Leave out the pictures, and retype only the lines from the beginning of the material through the line that contains "Mushroom Skeleton Hand Crewneck Sweater", including both.

MATERIAL FOR THIS EXERCISE below:

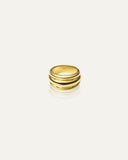 Mockberg Deco Ribbed Gold ring (str 50)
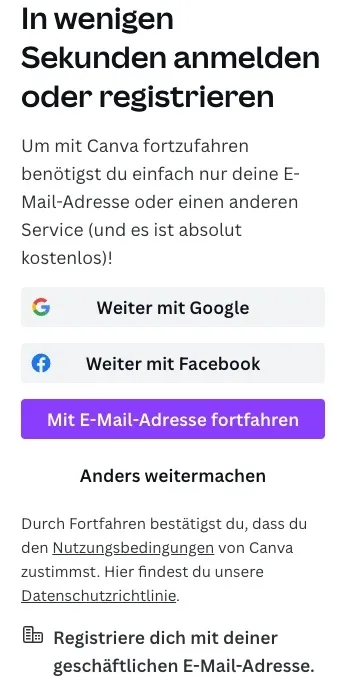 canva registrierung Registrierung bei Canva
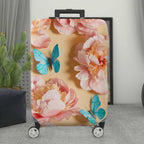 1-Piece Pink Floral Blue Butterfly Travel Holiday Luggage  Suitcase Luggage Cover, Stretch Protective Sleeve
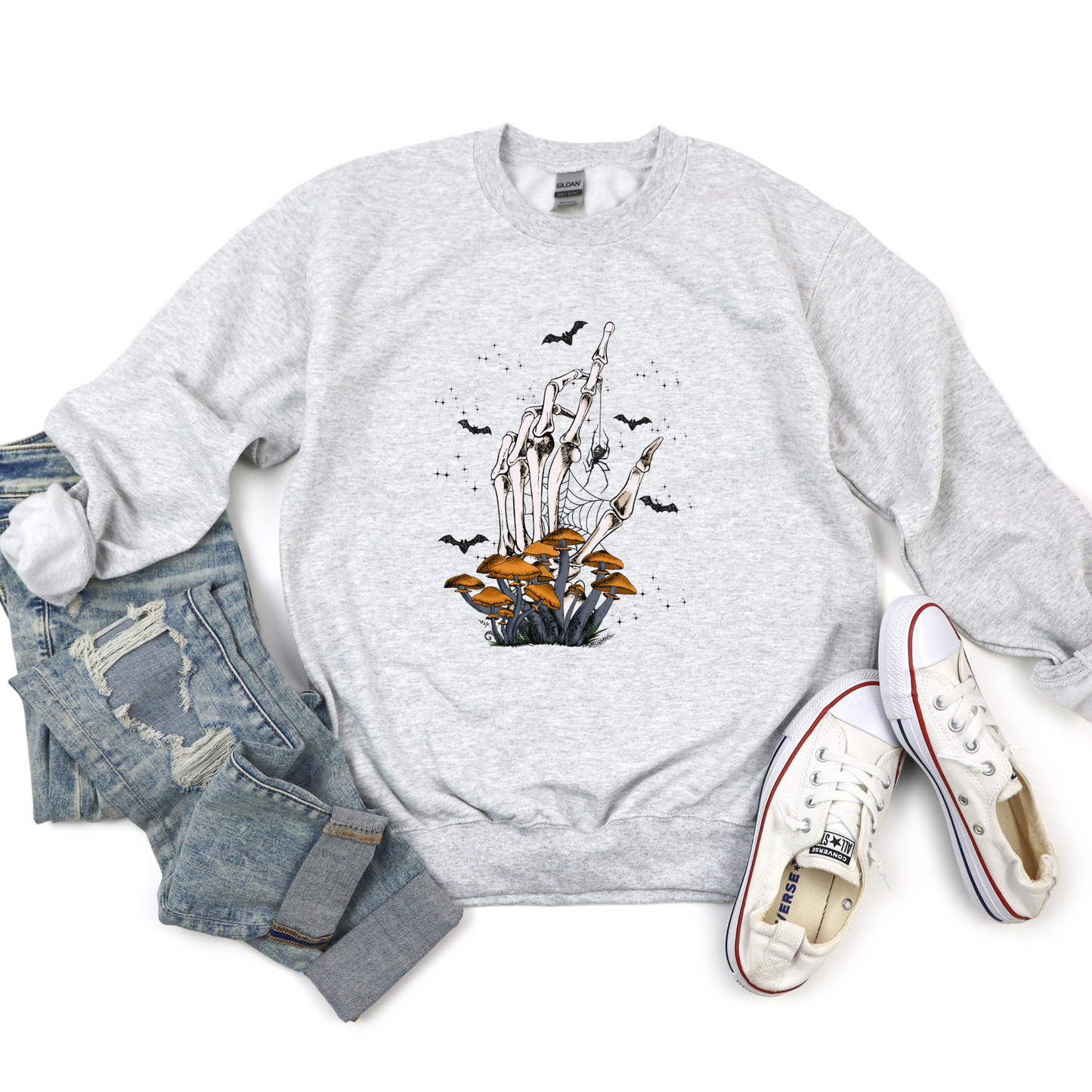 Mushroom Skeleton Hand Crewneck Sweater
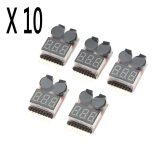 FEICHAO 50Pcs  Lipo Battery Voltage Tester Volt Meter Indicator Checker Dual Speaker 1S-8S Low Voltage Buzzer Alarm 2 IN 1 FS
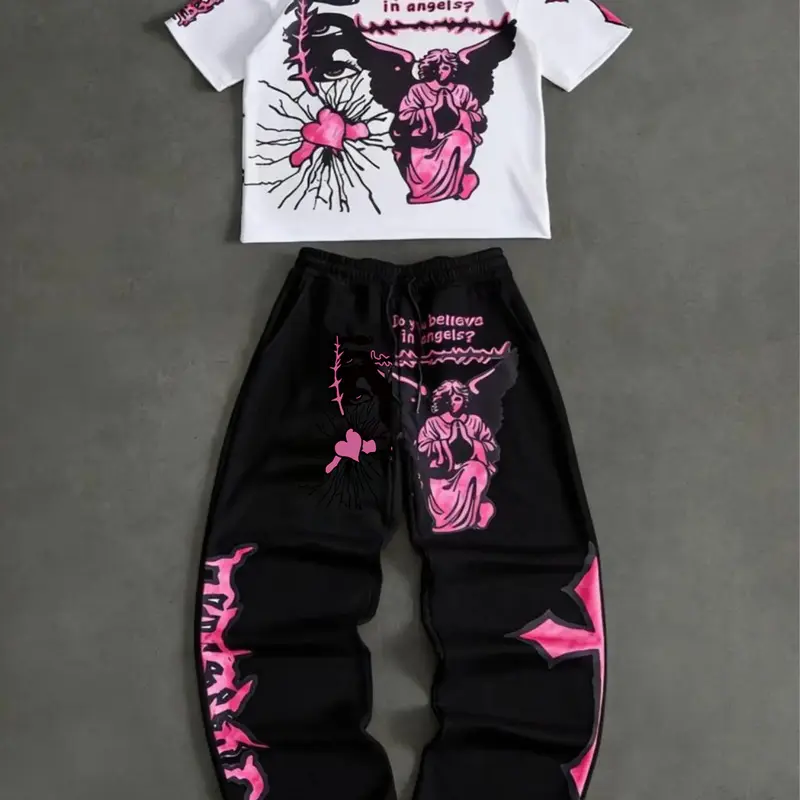 Print Cotton T-Shirt and Pants Set, Comfortable Home Wear, Casual Daily, Everyday, Spring & Fall Fashion, Outfits, Clothes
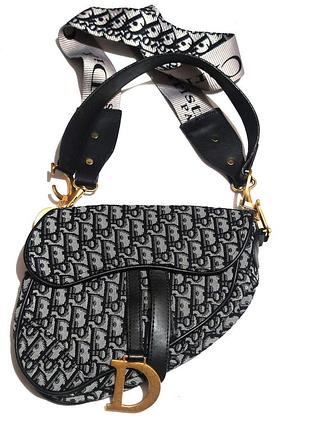 Christian dior saddle из жаккарда oblique с  золотистым логотипом d/0000h/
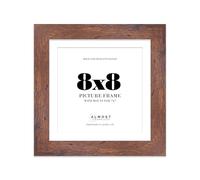 8x8" Rustic Wood Square Frame With Mount for 7x7" Pictures 28mm Edge Frame Display with Wall Hooks and Kickstand, 1 Pack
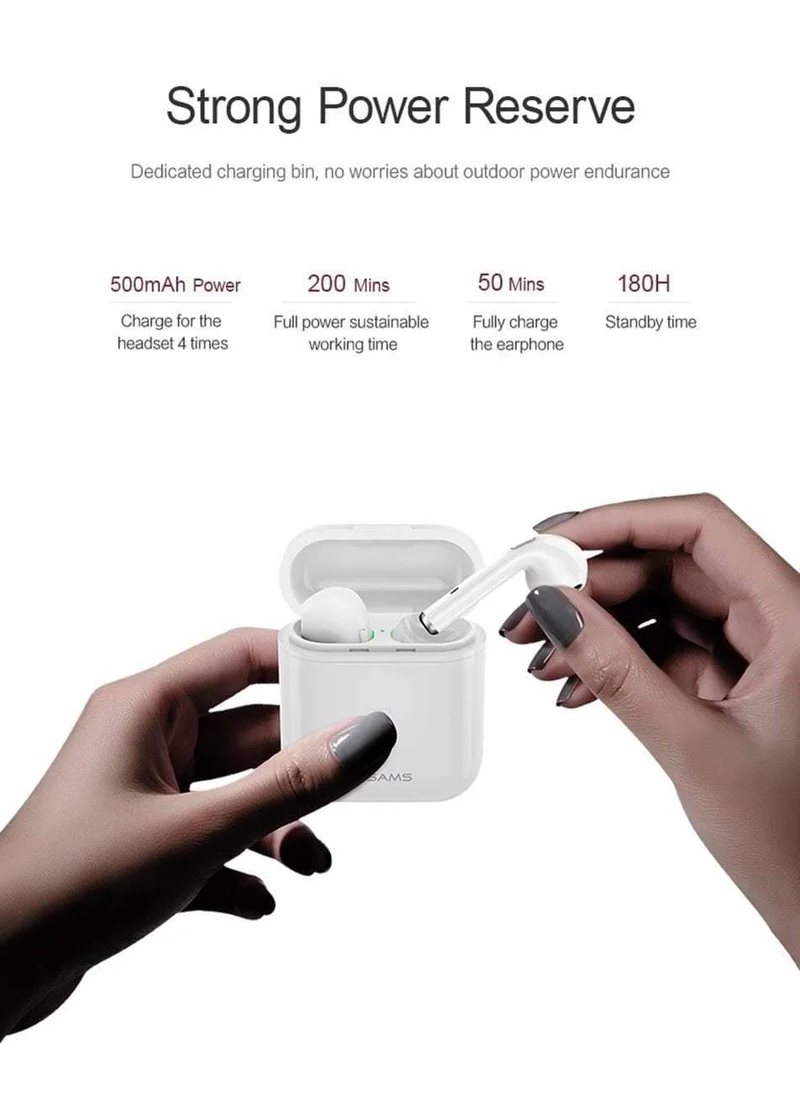 TWS Kabelloses Bluetooth-Kopfhörer-Headset für iPhone Xs Max XR 7 8, USAMS Bluetooth-Kopfhörer für Samsung Xiaomi mit Ladebox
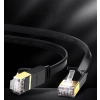 Płaski patchcord kabel przewód sieciowy LAN STP RJ45 Cat 7 10Gbps 10m czarny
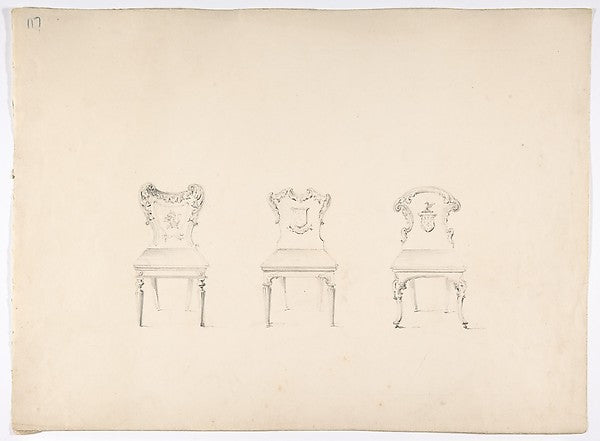 Design for Three Chairs with Armorial Ornament on Backs early , Poster Print Wall Art
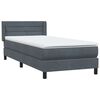 vidaXL Sommier &agrave; lattes de lit et matelas gris fonc&eacute; 90x210 cm velours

End of MATERIAL FOR THIS EXERCISE.

■ REPLY TO THE EXERCISE:
 Mockberg Deco Ribbed Gold ring (str 50)
 canva registrierung Registrierung bei Canva
 1-Piece Pink Floral Blue Butterfly Travel Holiday Luggage  Suitcase Luggage Cover, Stretch Protective Sleeve
 Mushroom Skeleton Hand Crewneck Sweater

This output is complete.